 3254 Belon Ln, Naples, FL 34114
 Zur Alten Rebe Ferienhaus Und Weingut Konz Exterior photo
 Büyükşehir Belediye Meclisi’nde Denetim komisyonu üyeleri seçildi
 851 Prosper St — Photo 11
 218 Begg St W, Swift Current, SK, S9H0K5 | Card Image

======

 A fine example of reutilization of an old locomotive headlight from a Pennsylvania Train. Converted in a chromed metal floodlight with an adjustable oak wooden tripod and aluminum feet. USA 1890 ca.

======

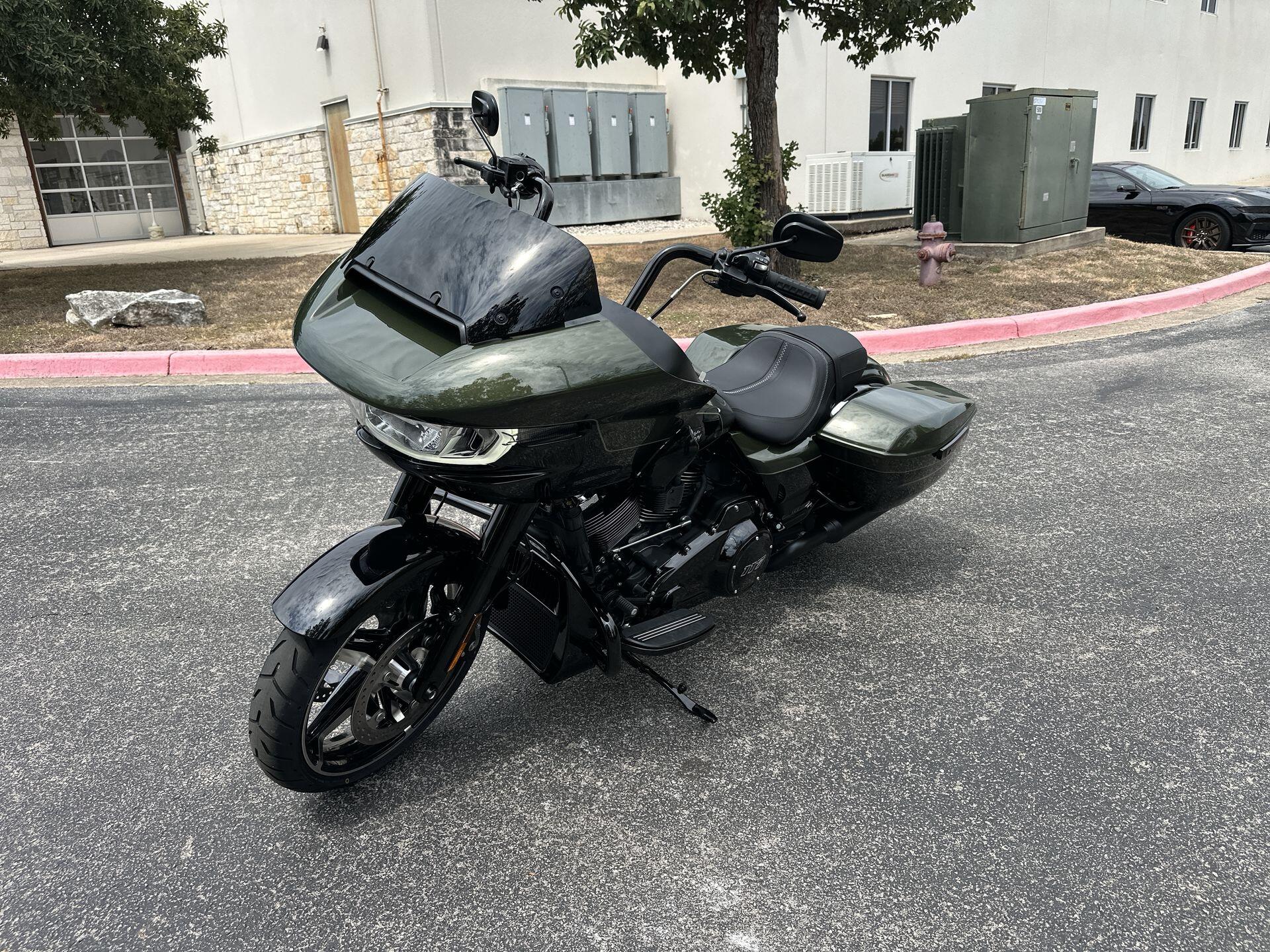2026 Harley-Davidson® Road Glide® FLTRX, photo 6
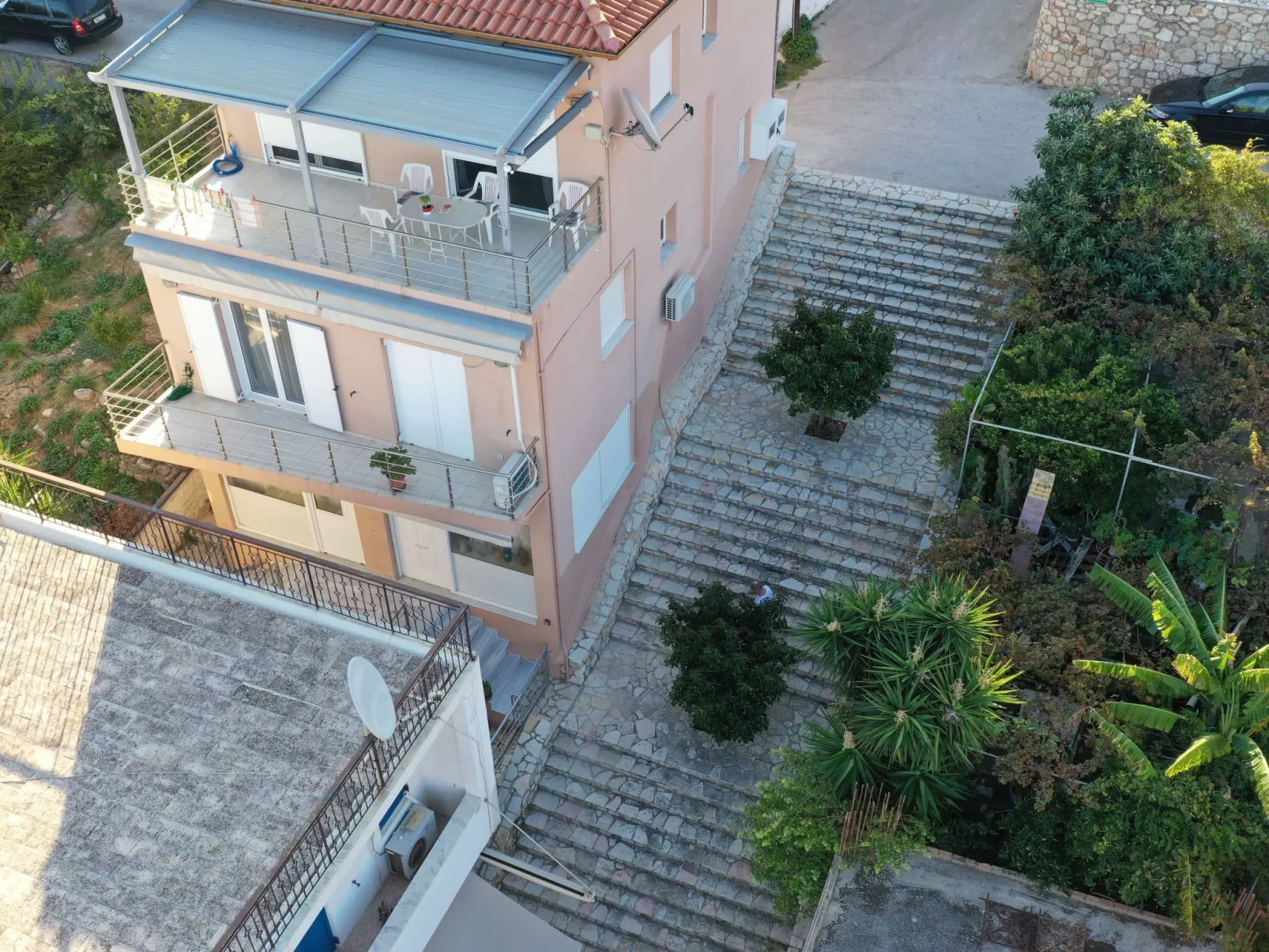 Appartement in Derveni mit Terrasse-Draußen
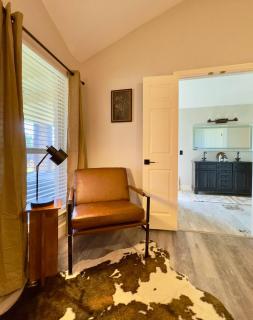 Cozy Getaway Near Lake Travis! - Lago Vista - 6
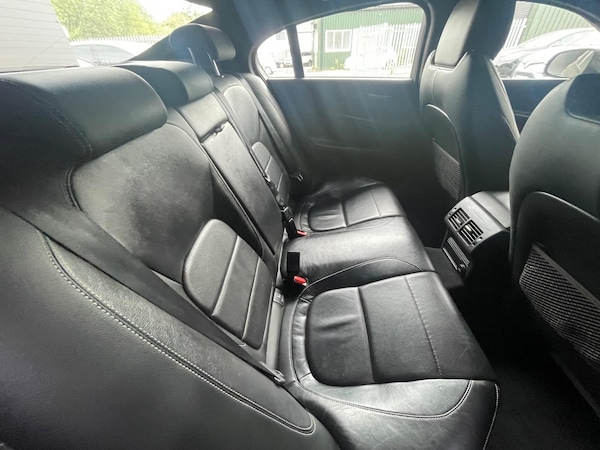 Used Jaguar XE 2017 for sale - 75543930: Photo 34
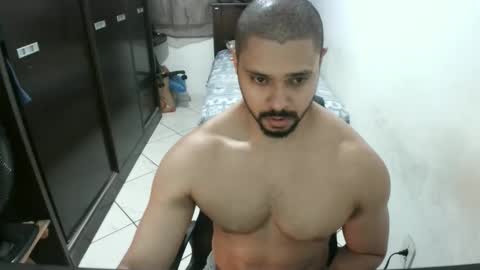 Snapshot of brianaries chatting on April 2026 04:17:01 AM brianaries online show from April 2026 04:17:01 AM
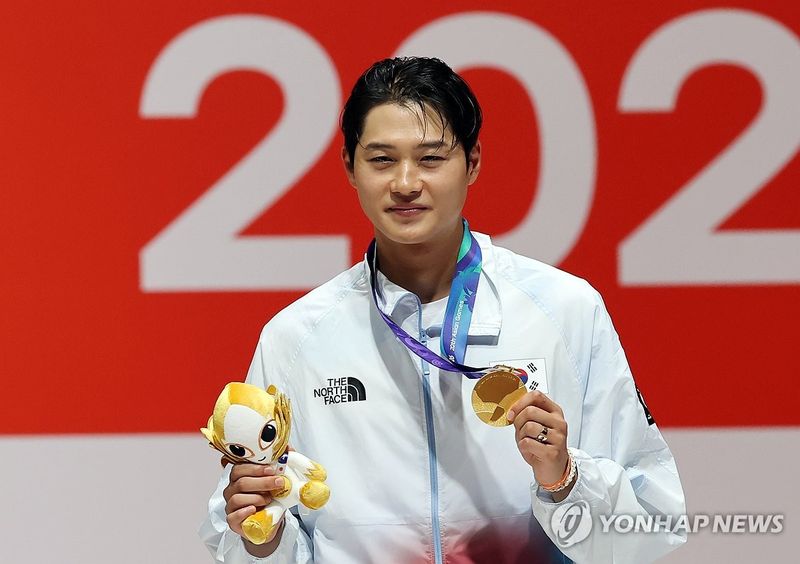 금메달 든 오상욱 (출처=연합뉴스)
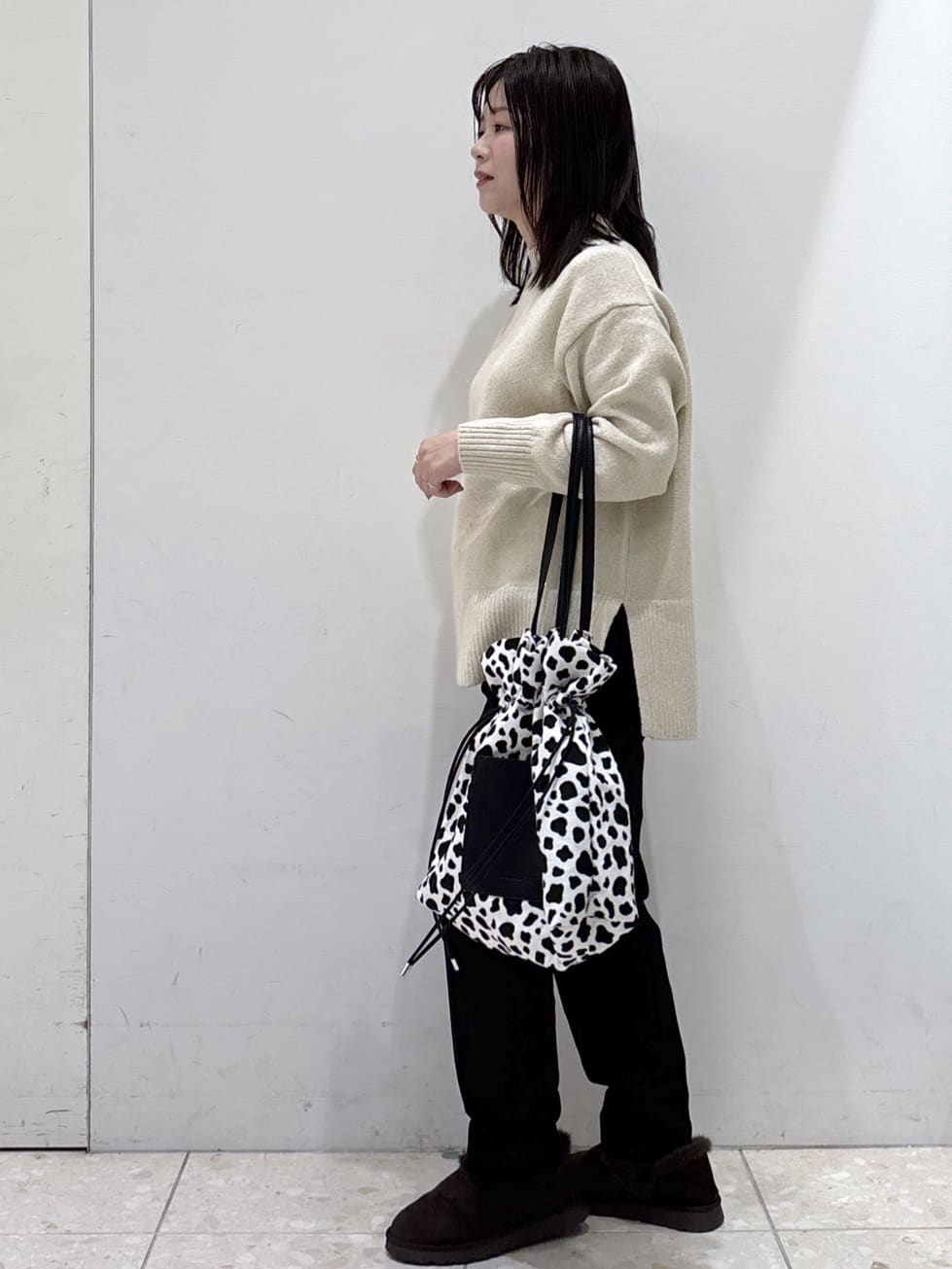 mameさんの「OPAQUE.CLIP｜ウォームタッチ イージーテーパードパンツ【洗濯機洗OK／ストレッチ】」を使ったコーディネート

======

Task objective
Copy exactly the lines of the entries above from the one containing "2026 Harley-Davidson® Road" through the one containing "Used Jaguar XE". Both end lines count; pictures do not.

Written solution
2026 Harley-Davidson® Road Glide® FLTRX, photo 6
 Appartement in Derveni mit Terrasse-Draußen
 Cozy Getaway Near Lake Travis! - Lago Vista - 6
 Used Jaguar XE 2017 for sale - 75543930: Photo 34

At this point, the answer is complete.